*** Opening of DATA EXTRACTS ***
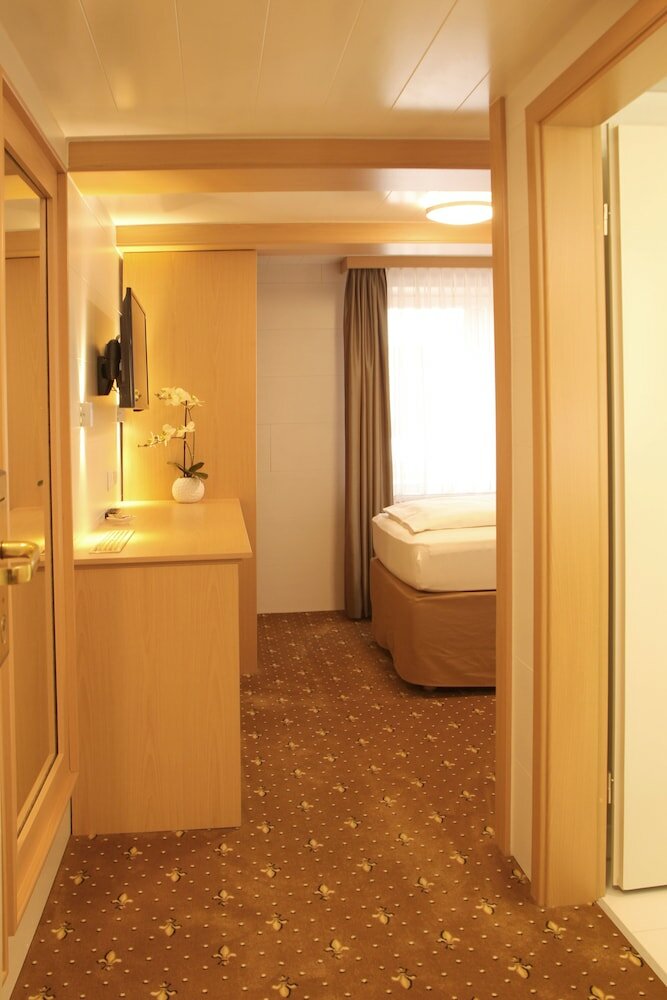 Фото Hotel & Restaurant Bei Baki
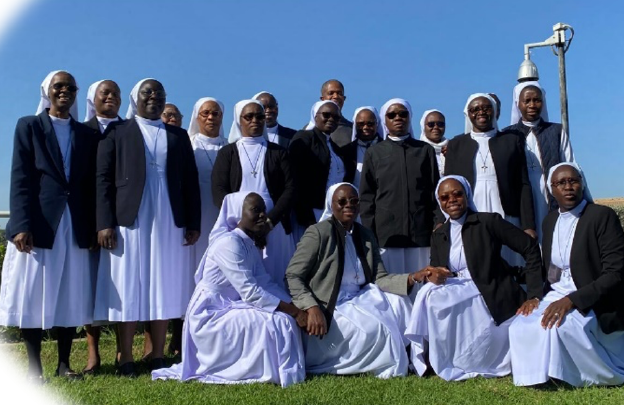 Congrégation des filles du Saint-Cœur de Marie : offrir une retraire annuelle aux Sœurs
*** Close of DATA EXTRACTS ***
*** Opening of DATA EXTRACTS ***
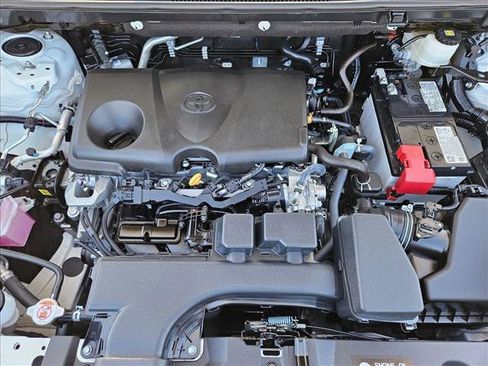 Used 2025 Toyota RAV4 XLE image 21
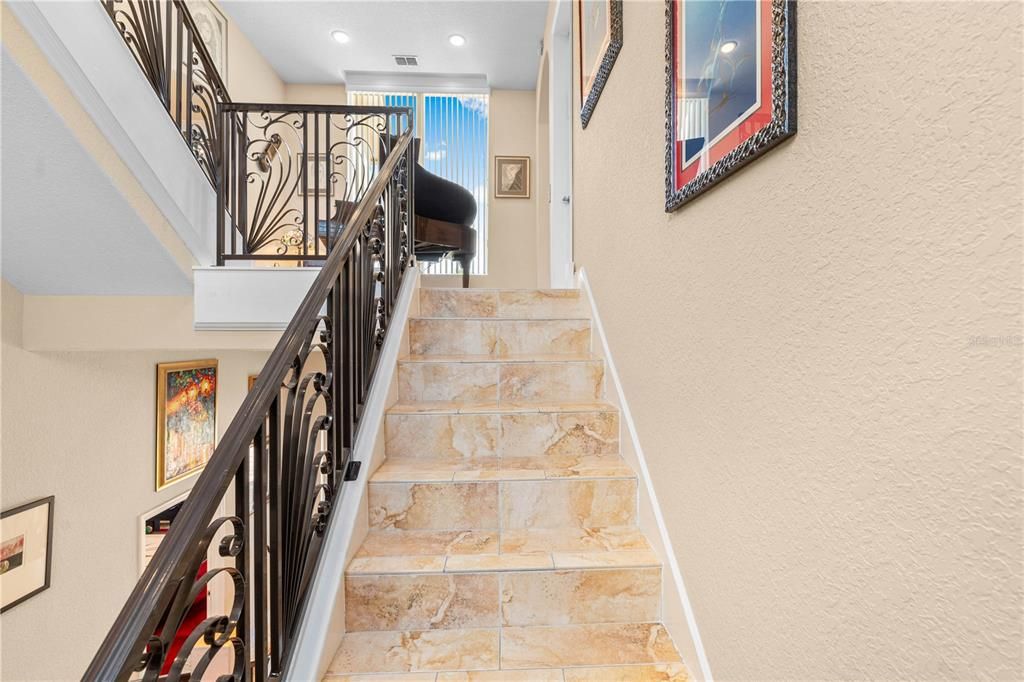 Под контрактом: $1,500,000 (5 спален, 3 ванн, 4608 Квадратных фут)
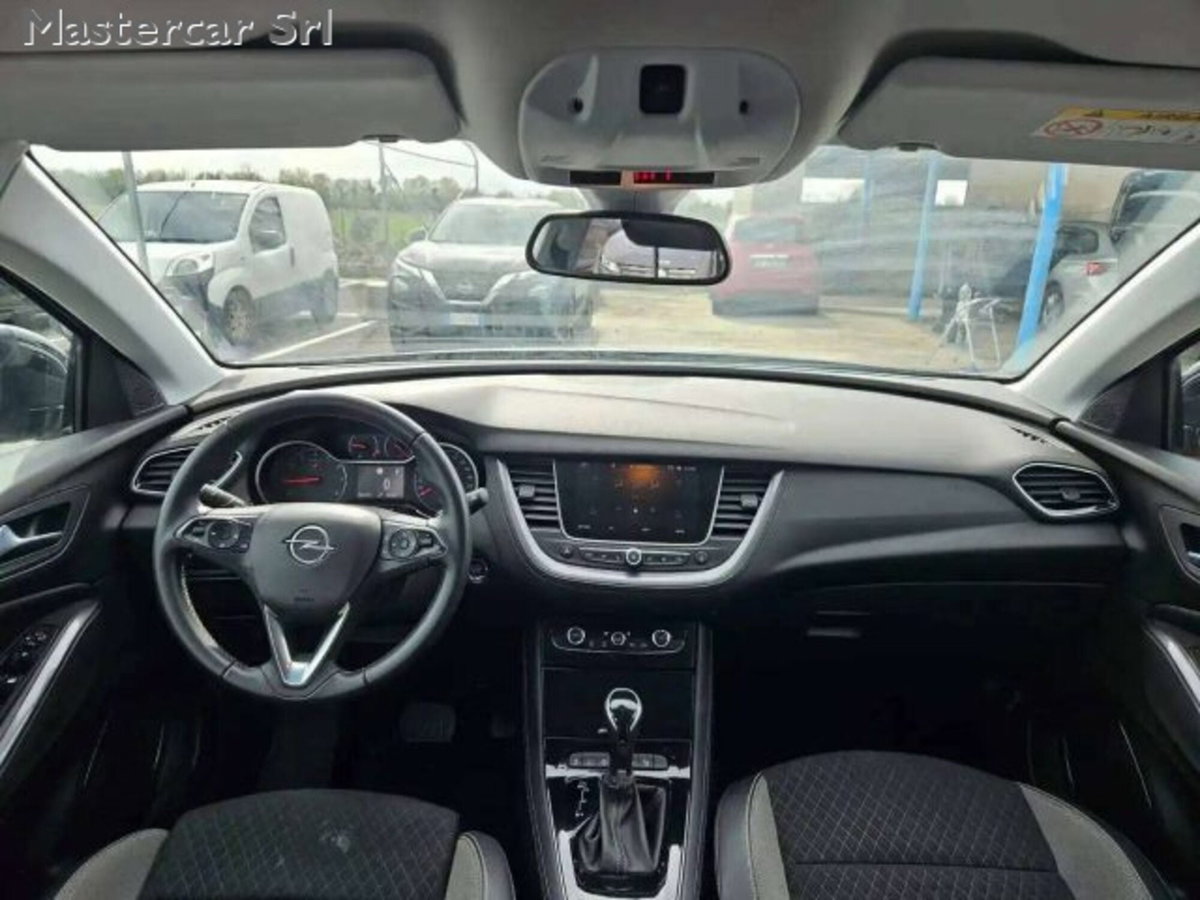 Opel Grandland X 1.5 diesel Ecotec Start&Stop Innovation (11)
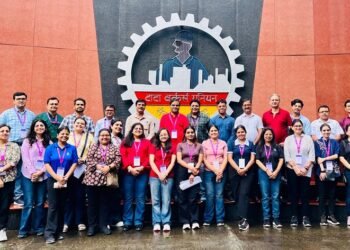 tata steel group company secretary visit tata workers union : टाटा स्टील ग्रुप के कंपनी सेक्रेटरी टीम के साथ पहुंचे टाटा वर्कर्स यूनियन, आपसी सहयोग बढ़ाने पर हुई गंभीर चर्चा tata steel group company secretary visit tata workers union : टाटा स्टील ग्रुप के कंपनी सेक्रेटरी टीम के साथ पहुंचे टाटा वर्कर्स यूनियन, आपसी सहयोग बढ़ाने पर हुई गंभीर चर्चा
*** Close of DATA EXTRACTS ***
PROBLEM REQUIREMENTS: Starting at the line containing "Фото Hotel & Restaurant Bei Baki" and finishing at the line containing "Congrégation des filles", return those lines exactly as they appear above, without the pictures.

RESPONSE TO THIS EXERCISE:
 Фото Hotel & Restaurant Bei Baki
 Congrégation des filles du Saint-Cœur de Marie : offrir une retraire annuelle aux Sœurs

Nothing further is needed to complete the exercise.